In vitro and in silico analysis of the effects of D (2) receptor antagonist target binding kinetics on the cellular response to fluctuating dopamine concentrations

BACKGROUND AND PURPOSE: Target binding kinetics influence the time course of the drug effect (pharmacodynamics) both (i) directly, by affecting the time course of target occupancy, driven by the pharmacokinetics of the drug, competition with endogenous ligands and target turnover, and (ii) indirectly, by affecting signal transduction and homeostatic feedback. For dopamine D(2) receptor antagonists, it has been hypothesized that fast receptor binding kinetics cause fewer side effects, because part of the dynamics of the dopaminergic system is preserved by displacement of these antagonists. EXPERIMENTAL APPROACH: Target binding kinetics of D(2) receptor antagonists and signal transduction after dopamine and D(2) receptor antagonist exposure were measured in vitro.

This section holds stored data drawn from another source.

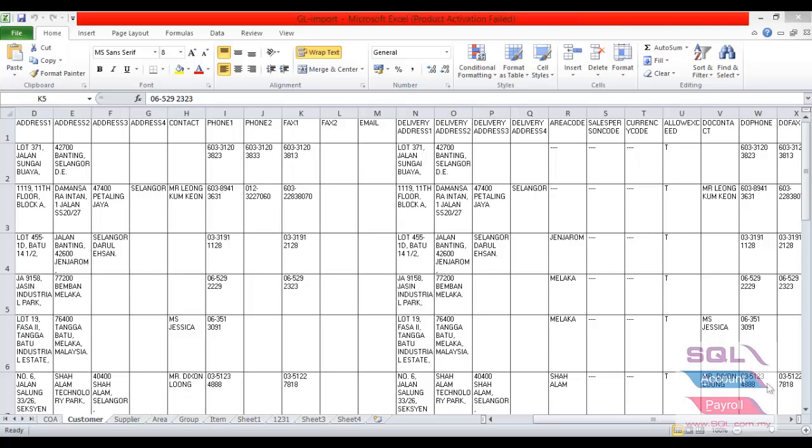Alright, done for the chart of account. Now I'm going to show you how to import customer masterfile. If you don't need to import chart of account, then you may create a new database. So this is the template of Excel for customer masterfile.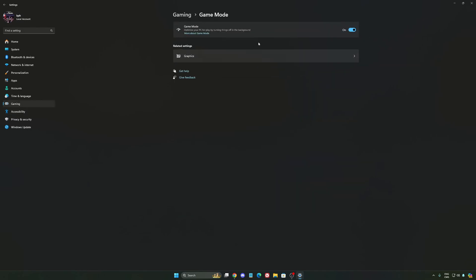And the last one is Game Mode. Now Game Mode honestly is really, really good. Back then with Windows 10, it was a bit sketchy with a lot of stuttering issues. But now you really need to be using it to make sure that all your resources are prioritizing your video games.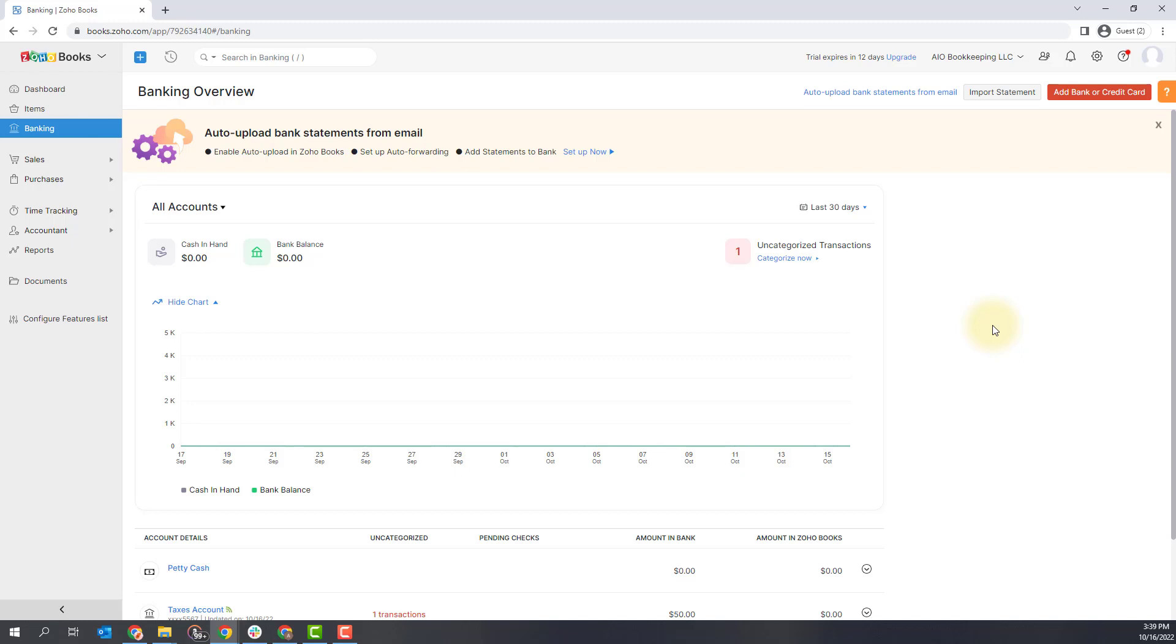In one of my following videos, I will show you what to do with these transactions and how to categorize your transactions from the bank feed.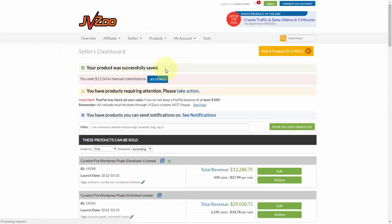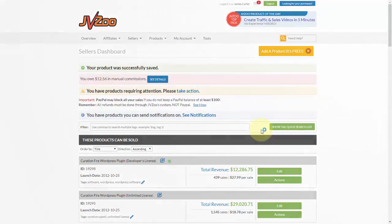And then you'll see that the product was successfully saved. And that's how you set up retargeting within the JVZoo platform. Take care.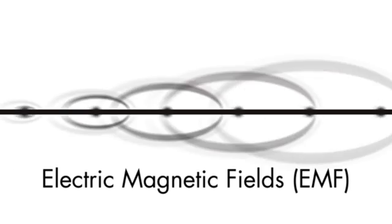Electric current flowing through any conductor causes localized electric and magnetic fields, EMF.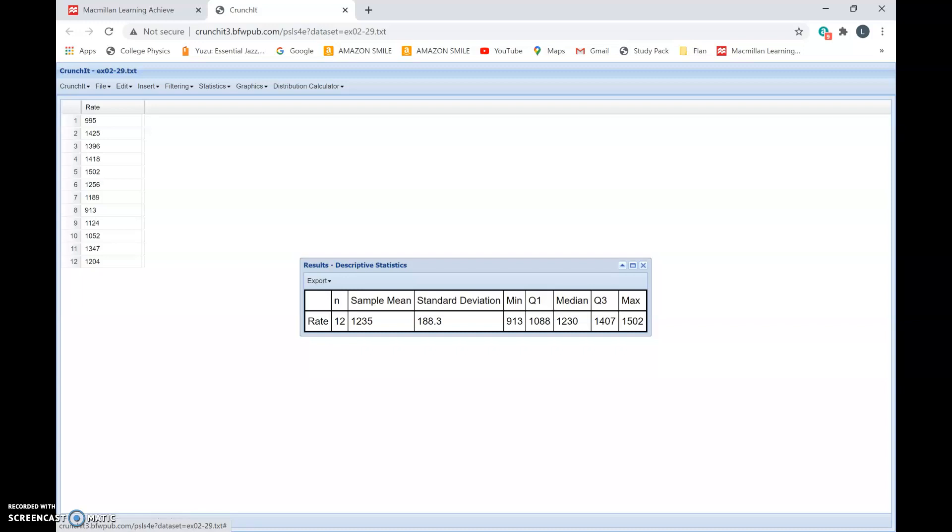You get a table here. The first number is n; n is the sample size. The second number is x bar. X bar is the sample mean, so it is the average of all these numbers—it's 1235. The next number is the standard deviation, denoted by the letter s, so the sample standard deviation s is 188.3.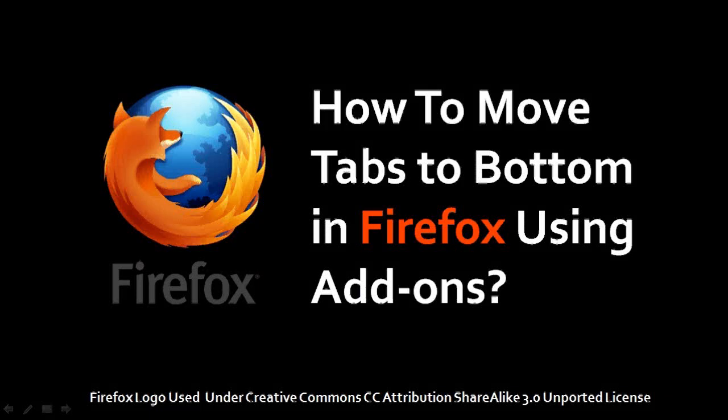Hi, this is Anthony Greeno with a brief tutorial on how to move tabs to the bottom in Firefox.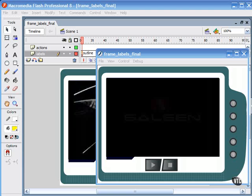Flash Video lets you easily put video on a web page in a format that almost anyone can view. This course provides all the information and techniques you'll need to create and publish Flash Video.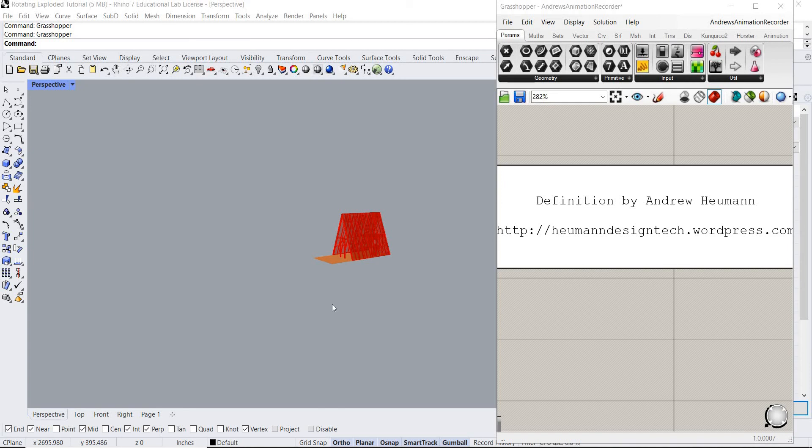Hey what's up guys, how's it going? Today we're going to be modifying a Grasshopper script so that this shed explodes and rotates using one single slider. The purpose of this video is just to show how I troubleshoot through the Grasshopper scripts to achieve the results that I'm looking for.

These data were integrated by mechanistic modelling, taking into account competitive binding of endogenous dopamine and the antagonist, the turnover of the second messenger cAMP and negative feedback by PDE turnover. KEY RESULTS: The proposed signal transduction model successfully described the cellular cAMP response for 17 D(2) receptor antagonists with widely different binding kinetics. Simulation of the response to fluctuating dopamine concentrations revealed that a significant effect of the target binding kinetics on the dynamics of the signalling only occurs at endogenous dopamine concentration fluctuations with frequencies below 1 min(−1). CONCLUSIONS AND IMPLICATIONS: Signal transduction and feedback are important determinants of the time course of drug effects. The effect of the D(2) receptor antagonist dissociation rate constant (k(off)) is limited to the maximal rate of fluctuations in dopamine signalling as determined by the dopamine k(off) and the cAMP turnover.